Friday, March 19, 2010

A Hazy and Cloudy Day @ Seletar Wasteland

My last visit to this wasteland at Seletar was last October (see here). After fulfilling my other commitment in the early morning, I decided to head out to this place even though the weather was a little hazy and a cloudy on a Saturday noon.

It was quite obvious that some shrubs and trees had been chopped down and a wider food path had been created - definitely not a good sign for nature lovers.

I saw this male Common Mormon (Papilio polytes romulus) resting in a shade, a very common species in this wasteland as its larval host plant the Indian Curry Leaf (Murraya koenigii ) was growing very well here.

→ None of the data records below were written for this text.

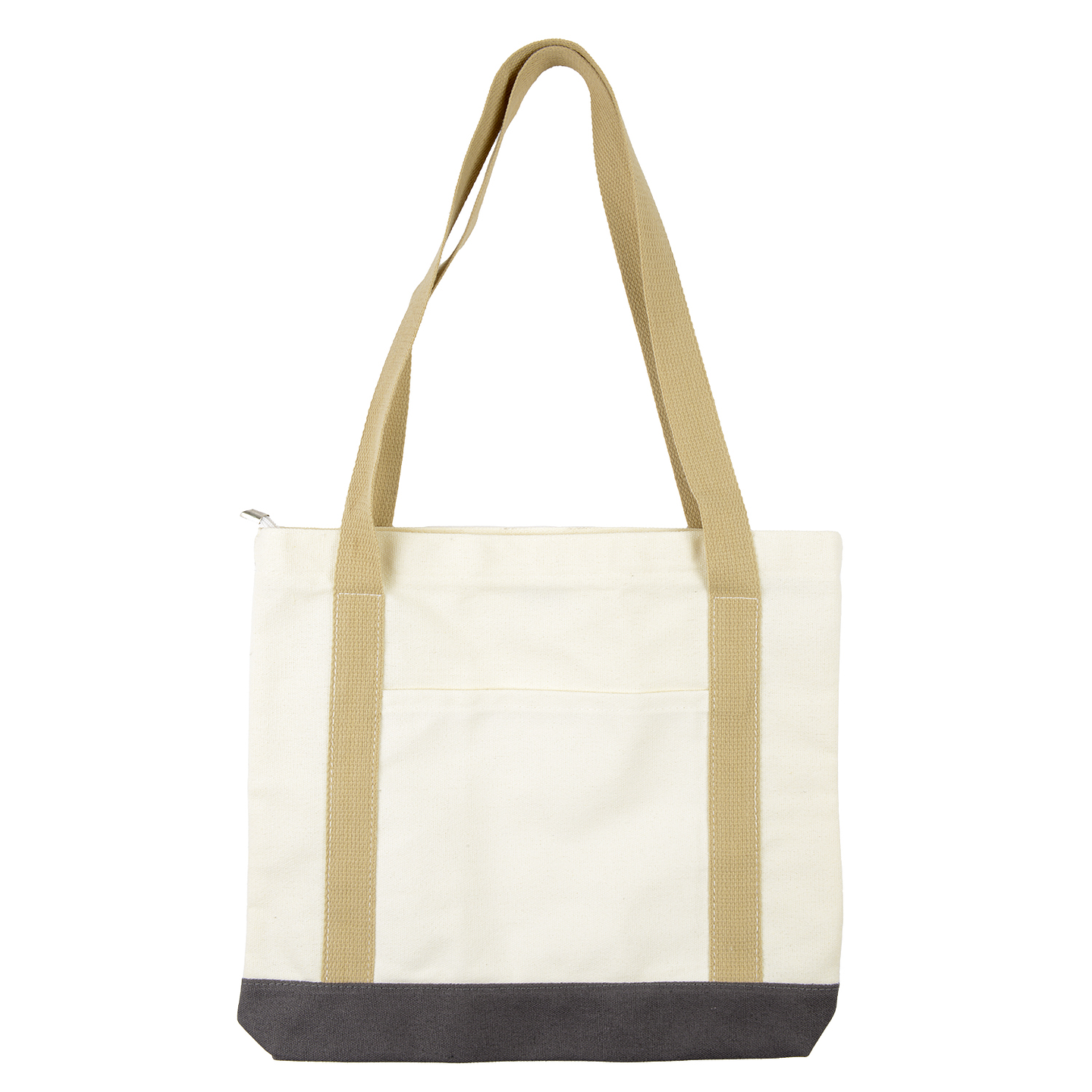 Bolso de playa Split 1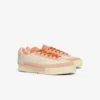 Aura leren Sneakers voor dames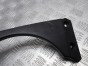 Osłona wypełnienie ramy plastik I KAWASAKI VN 900 VULCAN CUSTOM 07-24r   PN. 14091-0526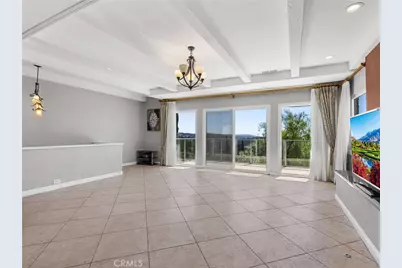 23600 Ridge Line, Diamond Bar, CA 91765 - Photo 24
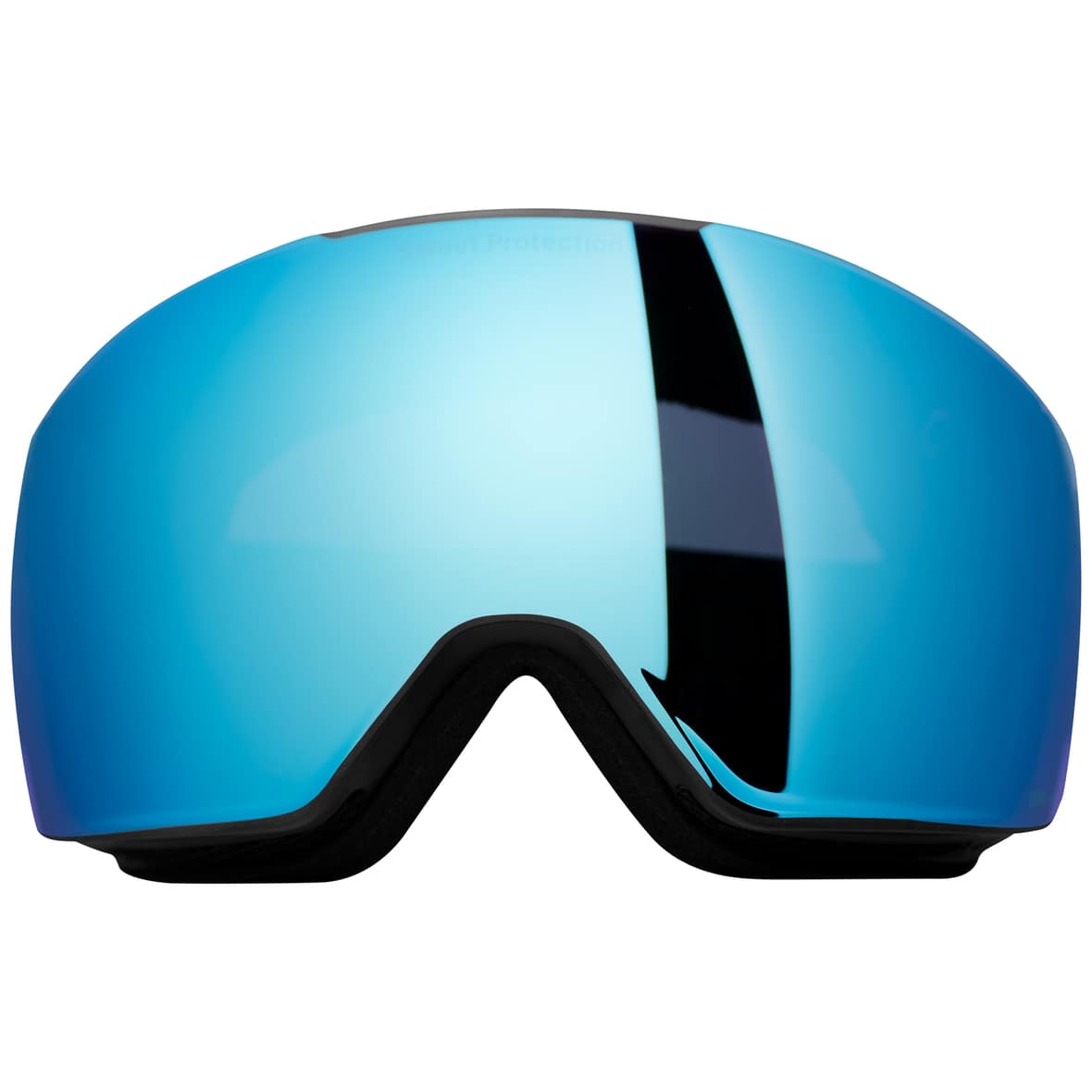 Bild von Sweet Protection Connor Rig Reflect Rig Aquamarine/Crystal Graphite/Graphite Trace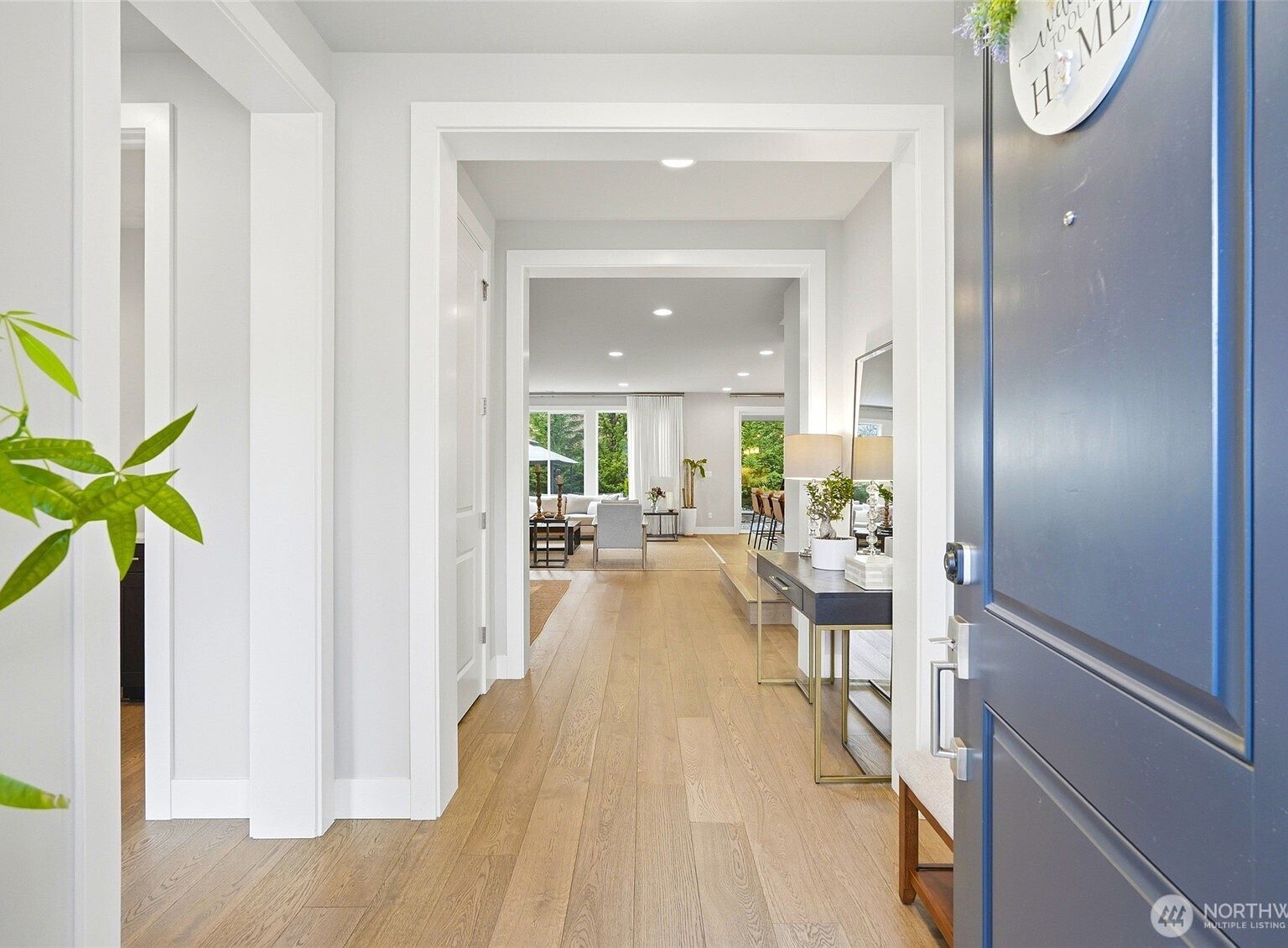 16409 134th St SE Monroe, WA 98272 - Thumbnail 5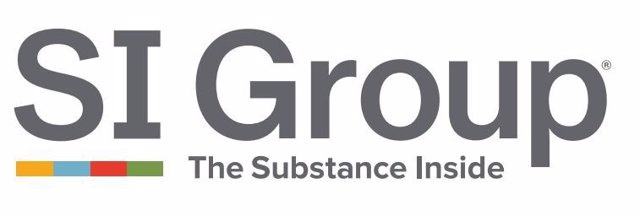 RELEASE: SI Group Launches Digital Portal for Global Portfolio of High Performance Additives
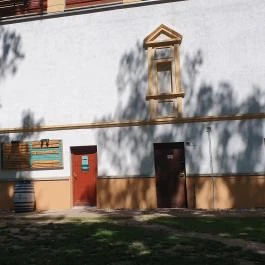 Helka sörkert Balatonföldvár - Egyéb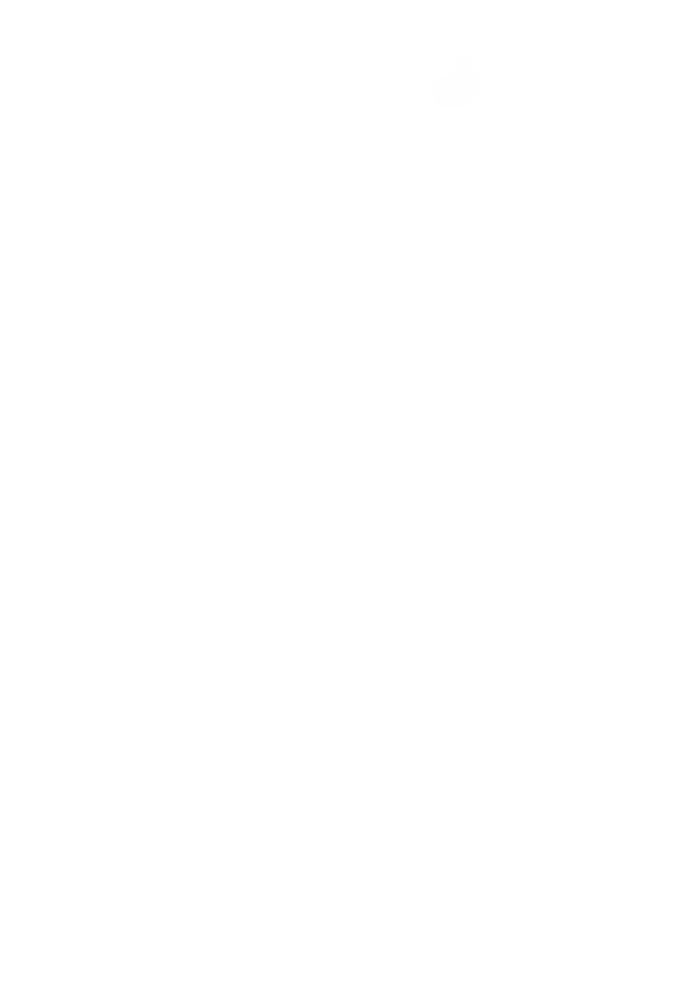 Phải Lòng Kẻ Thù: Chapter 45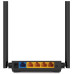 Бездротовий маршрутизатор TP-Link Archer C54 (6639165) Бездротовий маршрутизатор TP-Link Archer C54 (6639165)
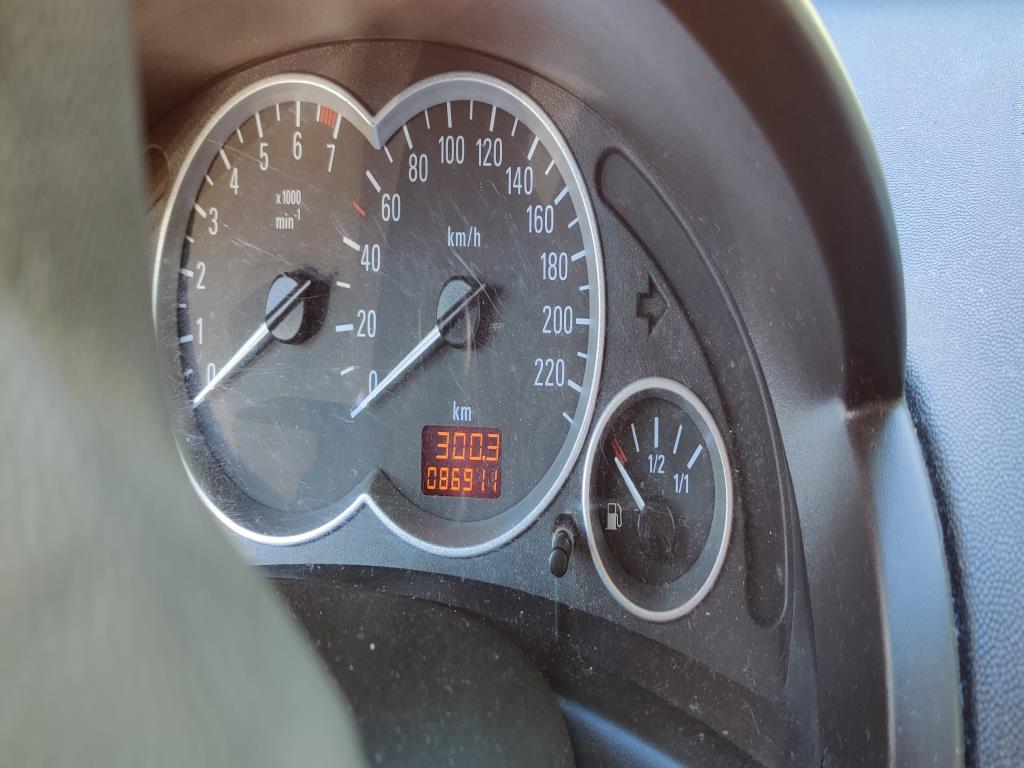 Hochwertiges Laborequipment der städtischen Wasserversorgung-11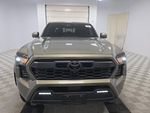 2024 Toyota Tacoma TRD Off-Road 4WD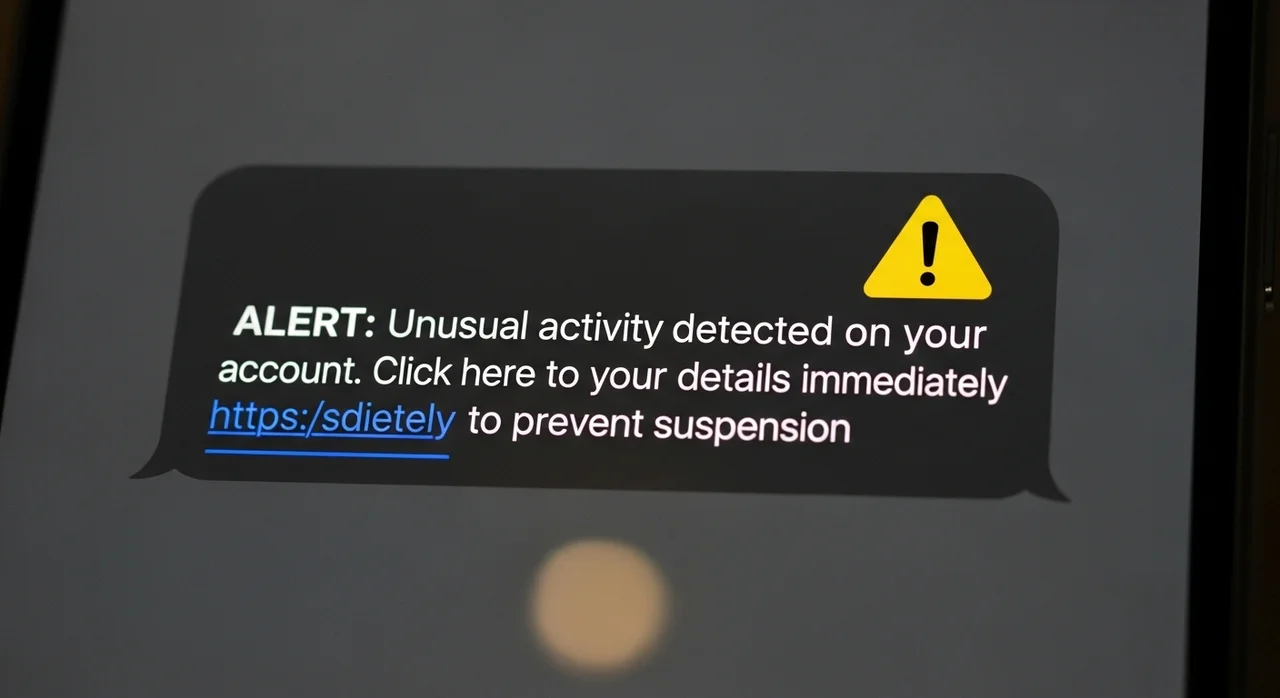 카페 활동 시 반드시 주의해야 할 점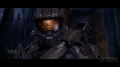 Halo 4 Master Chief Staring in your sould.png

There were quite a few Gram Blue (Euchrysops cnejus cnejus , 棕灰蝶) ) fluttering around in the late morning. They were rather active and alert and hardly stopped long enough for me to compose a better shot. I believe this is one of its host plants, a creeper growing quite well despite the dry weather in the past few weeks. I noticed this Lemon Emigrant (Catopsilia pomona pomona) resting on a lalang grass blade. Out of a few shots that I took, this particular shot captured a rare moment of it using one of the front legs rubbing its eyes.

This female Blue Glassy Tiger (ideopsis vulgaris macrina ) was fluttering around a Simpoh Air (Dillenia suffruitcosa ) bush, demonstrating a typical behaviour of a female trying to lay eggs. I patiently observed her and indeed she laid two eggs on a vine climbing high up on the Simpoh Air shrub.
She might have "exhausted" after laying the eggs so she decided to rest on a twig. What a good chance for me to snap some quick shots before she regained her energy and flew off.
This small Lycaenid is Apefly (Spalgis epius epius) which belongs to a a family of butterfly called Miletinae whose larvae are carnivorous. It displayed a rather erratic flight but all of a sudden it perched on a lalang , presenting me a good opportunity to take a few shots before it took off hastily again.
This may be a female Crocothemis servila dragonfly which was quite common in this long strip of wasteland. A drab and inconspicuous moth was hiding in a bush close to the ground. Identifying a moth is never an enjoyable thing for me to do. A very common spider in many wastelands, it looks like a female Golden Web spider (Nephila pilipes) enjoying her meal - a fly. Here is another shot, showing more of her underside. Leafhoppers feed on various plant's xylem sap and this particular species (Bothrogonia ferruginea) is very common in our wastelands. Though not big, its prominent orange "outfit" makes it very noticeable when it lends on a leaf. Interestingly, the presence of a few black spots on its head and the front sections of its body make it look like a ladybird beetle.
This wasteland has very rich floral and fauna species. We have lost quite a few wasteland habitats (eg Punggol and Daily Farm areas). I really hope it will not be developed in the near future.